This was before the days of electric refrigerators, and we had an icebox that sat in the back hall. Mom put a card in the window for the iceman to know how much ice to leave. The top of the card had 100 on it, the bottom 50, and one side 10, and the other 20. Whichever number was shown on top was what he left.
There was a little door by the icebox that went through the wall, and that is where he would put the ice. The milk, butter, and eggs were also delivered once a week.Another time I exasperated my parents was about this time at our church. A grown-up came into our Sunday school class and said, “All of you who are supposed to be baptized today come with me.”
Well, I was never one to be left out, so I fell in at the back of the line not knowing I had been baptized when I was about eight months old. We were marched into the main sanctuary and lined up in front of the congregation. My Mother and Father were horrified when they saw me at the end of the line. Not knowing what to do, they did nothing, so I was baptized for the second time. So you might say I am a double dipped Christian!

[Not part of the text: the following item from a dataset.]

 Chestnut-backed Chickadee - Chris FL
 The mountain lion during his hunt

About this time my Dad left the highway department and formed a partnership with a friend of his, named McKelvey. Dad’s brother Hugh joined them about a year later and they named their new company Field Brothers Construction. Hugh moved to Lubbock with his wife, Vida, and son, Townsend. Hugh had been one of a very few Naval Aviation pilots in World War I. Dad was just a teenager and worked in the shipyard. Hugh smoked a pipe like Dad but was more studious and serious. He had a great sense of humor but was just more reserved. Dad was more the life of the party type; he loved practical jokes and liked everyone and everyone seemed to like him. Hugh was a few years older than Dad and had withdrawn from college so Dad could go, because finances were tight in their family. Dad appreciated that and never forgot it.